What is needed is an exact transcription of the line containing "PUMA PUMA Essentials" and every line after it through the end of the entries below, with no pictures.

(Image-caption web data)
*** Block opens ***

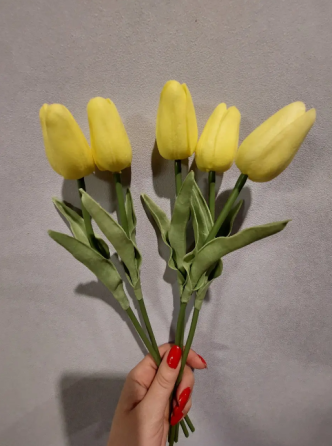 Искусственные тюльпаны 5 штук 34 см желтый Киев
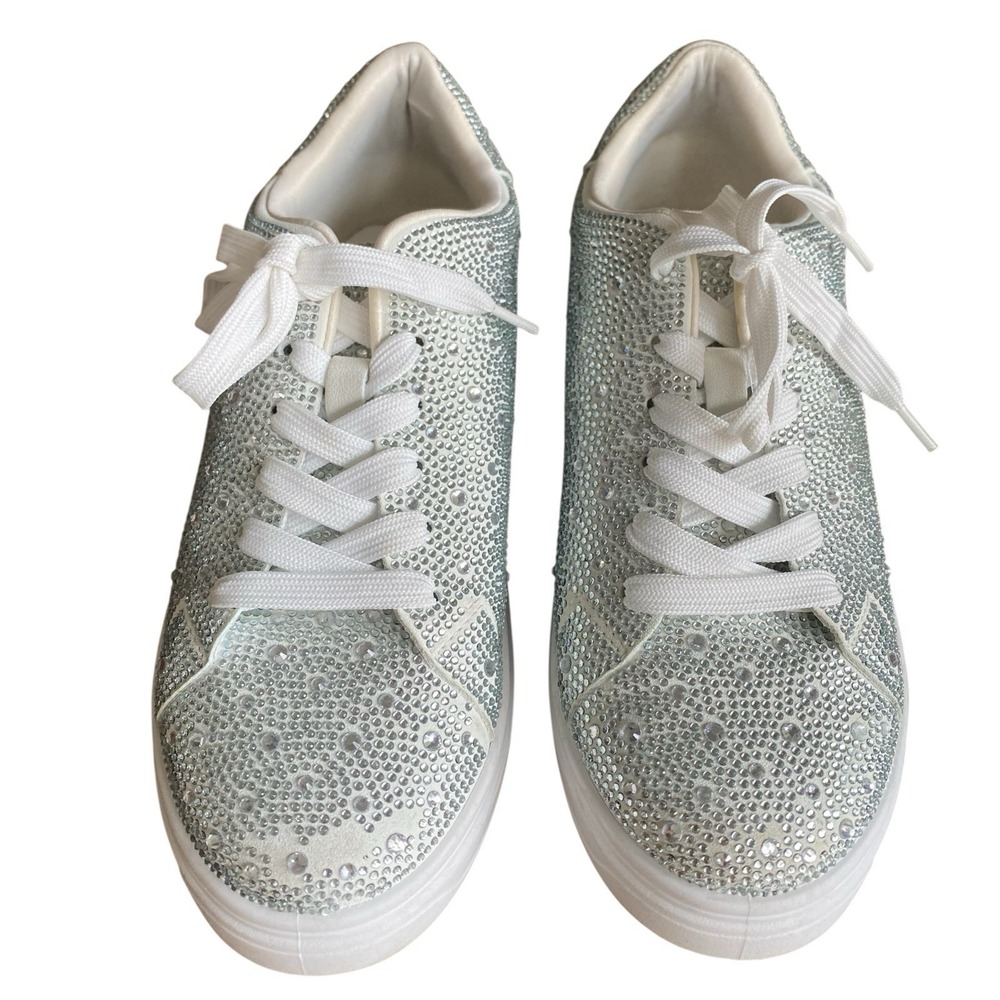 Madden Girl Jeena Rhinestone Lace Up Sneakers 9M White Platform Glam Wedding - Picture 2 of 12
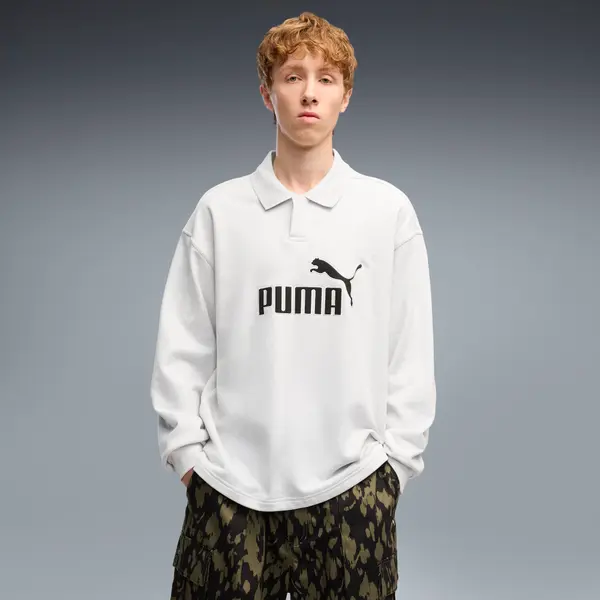 PUMA PUMA Essentials Elevated No. 1 Relaxed Polo Men, Clothing, White Glow Heather, S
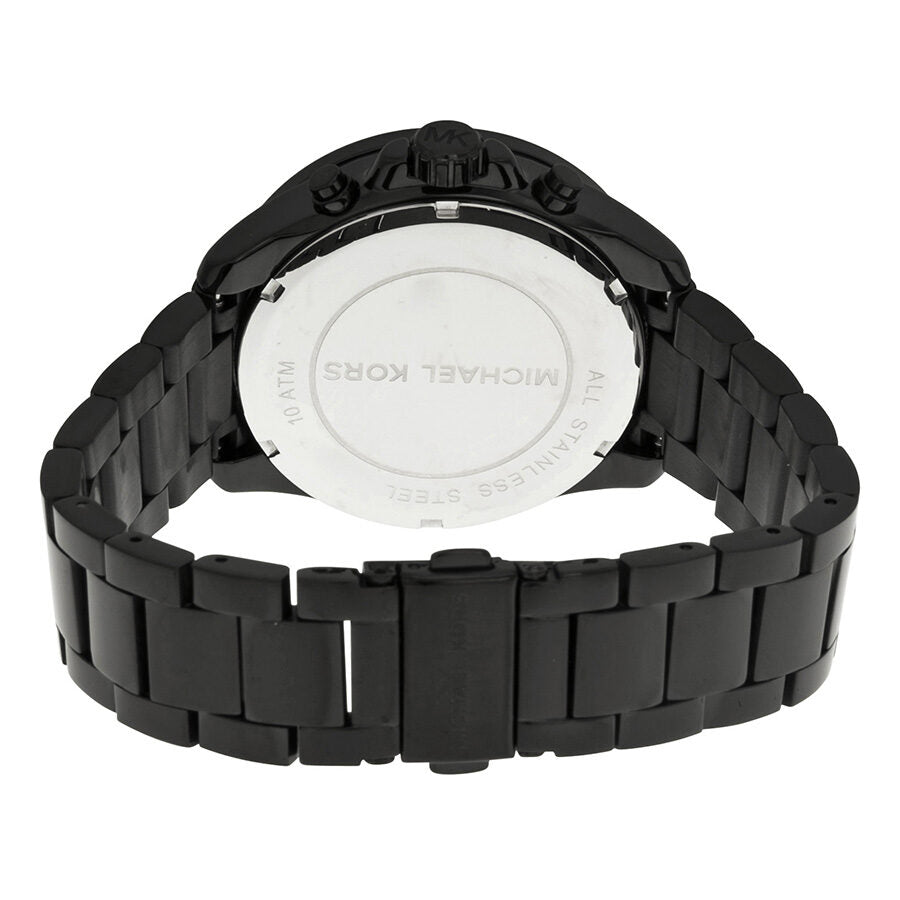 Michael Kors Everest watch caseback with black ion-plated bracelet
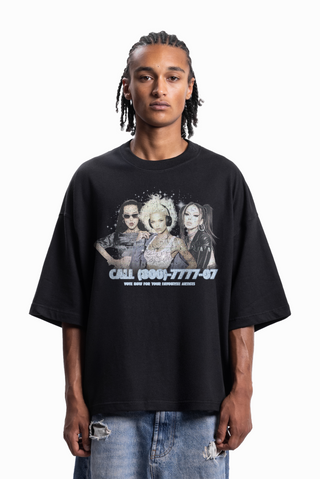 GIRL BAND BOXY DISTRESSED BLACK T-SHIRT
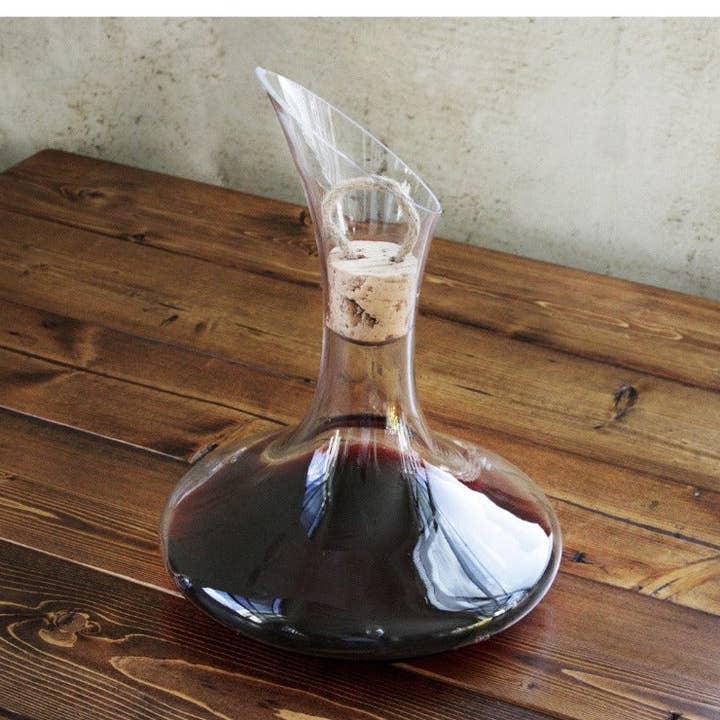 Wednesday 750mL Flat Bottom Wine Decanter with Walnut base and Pull Cork for wholesale by Swoon Living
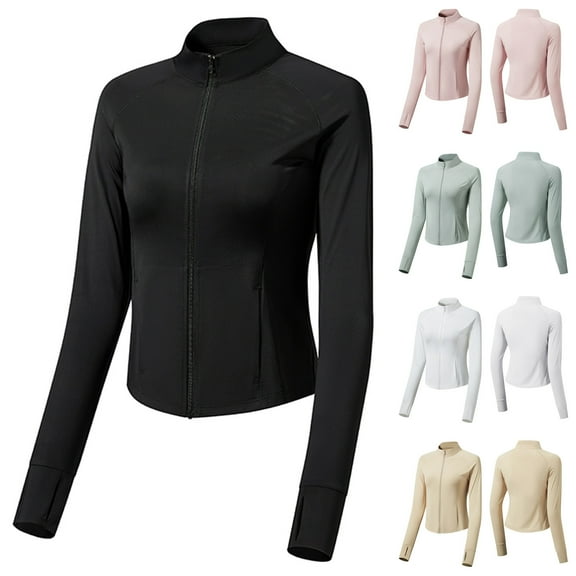 Bovxnpu Women's Long Sleeve Sun Protection Shirts, Lightweight Womens Activewear Breathable Sunscreen Hoodie Workout Tops, Woman Casual Sports Zipper Sun-proof High Elastic Coat M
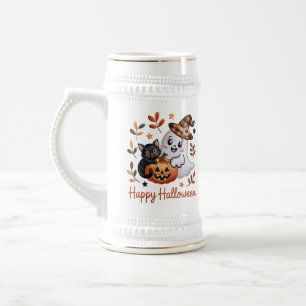 Caneca De Cerveja Cartão Encantador de Saudação do Halloween - Desen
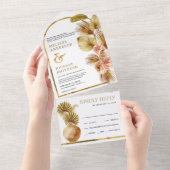 素朴フローラ自然アーチ乾燥ボホパーム結婚ズ オールインワン招待状 (貼ってはがせる)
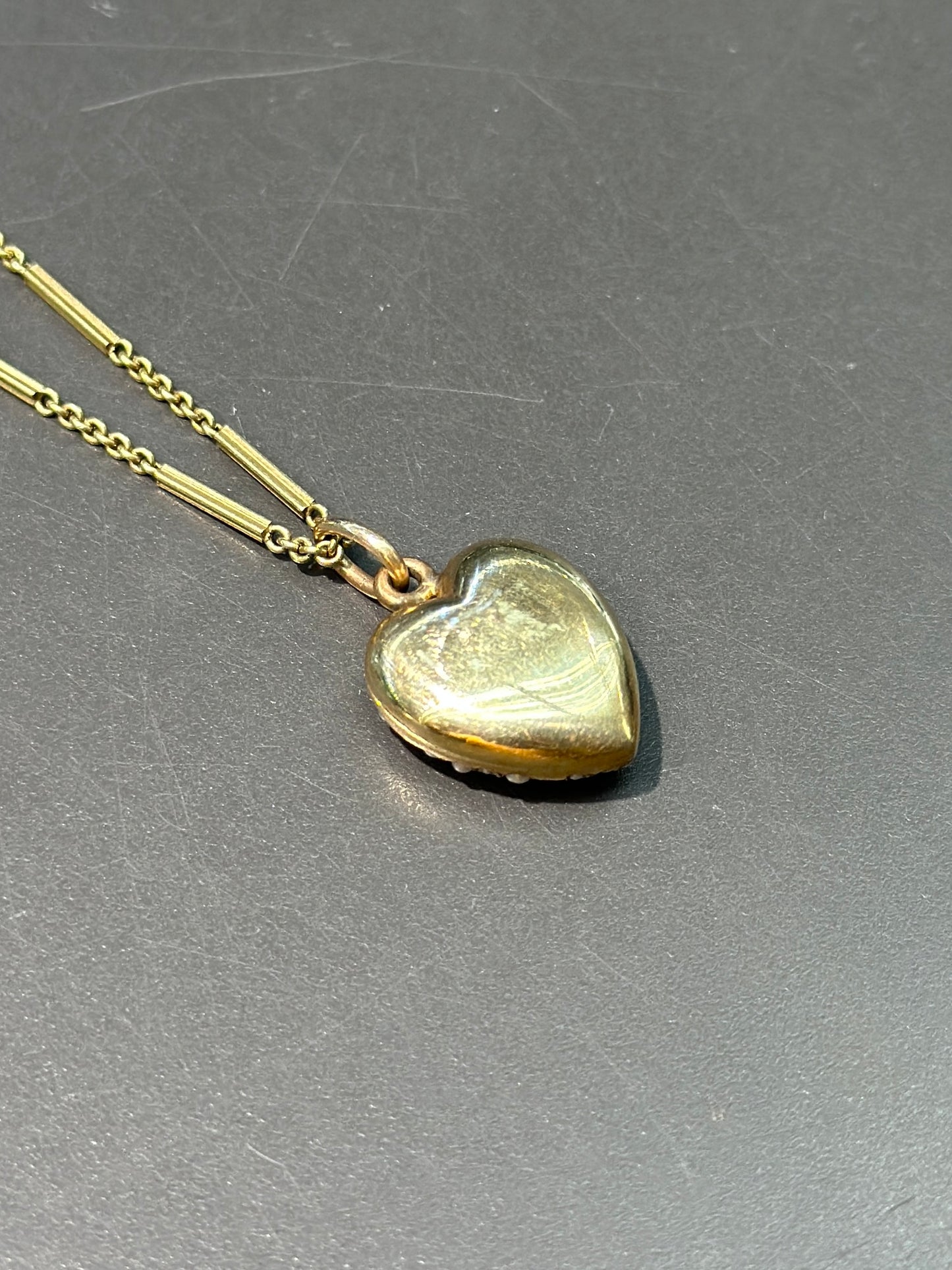 Victorian 14K Seed Pearl Heart Locket Necklace 18.0”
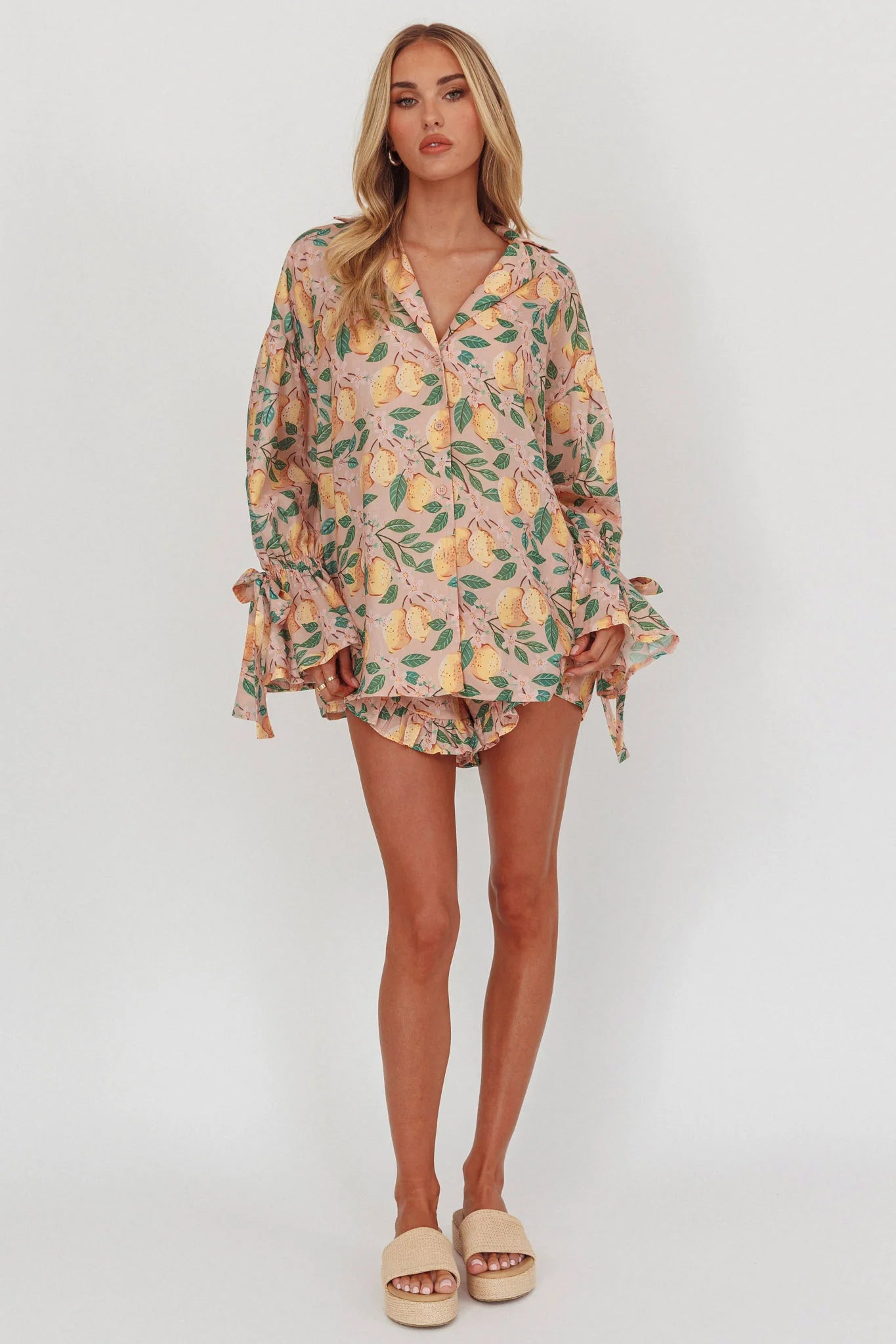 Telling Secrets Tied Cuff Top Lemon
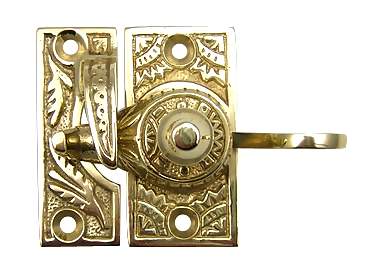 Oriental Pattern Solid Brass Sash Lock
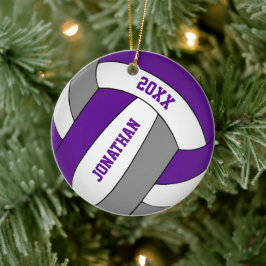 paars grijs sportteam vertolkt volleybal jongens keramisch ornament
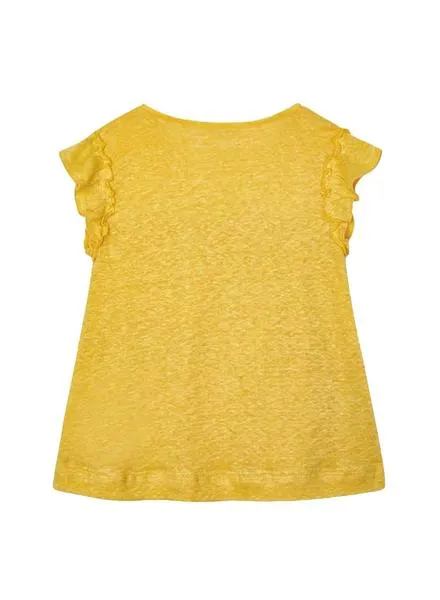 Camiseta Mayoral Lino Mostaza para Niña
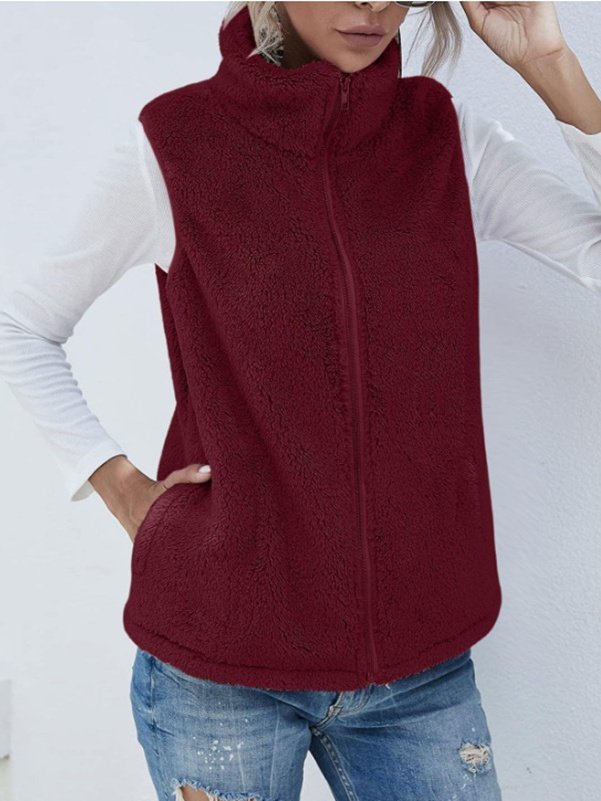 Wool Regular Fit Mock Neck Basic Vest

*** Block closes ***

● RESPONSE TO THE TASK:
 PUMA PUMA Essentials Elevated No. 1 Relaxed Polo Men, Clothing, White Glow Heather, S
 Michael Kors Everest watch caseback with black ion-plated bracelet
 GIRL BAND BOXY DISTRESSED BLACK T-SHIRT
 Wednesday 750mL Flat Bottom Wine Decanter with Walnut base and Pull Cork for wholesale by Swoon Living
 Bovxnpu Women's Long Sleeve Sun Protection Shirts, Lightweight Womens Activewear Breathable Sunscreen Hoodie Workout Tops, Woman Casual Sports Zipper Sun-proof High Elastic Coat M
 Caneca De Cerveja Cartão Encantador de Saudação do Halloween - Desen
 素朴フローラ自然アーチ乾燥ボホパーム結婚ズ オールインワン招待状 (貼ってはがせる)
 Victorian 14K Seed Pearl Heart Locket Necklace 18.0”
 Telling Secrets Tied Cuff Top Lemon
 Oriental Pattern Solid Brass Sash Lock
 paars grijs sportteam vertolkt volleybal jongens keramisch ornament
 Camiseta Mayoral Lino Mostaza para Niña
 Wool Regular Fit Mock Neck Basic Vest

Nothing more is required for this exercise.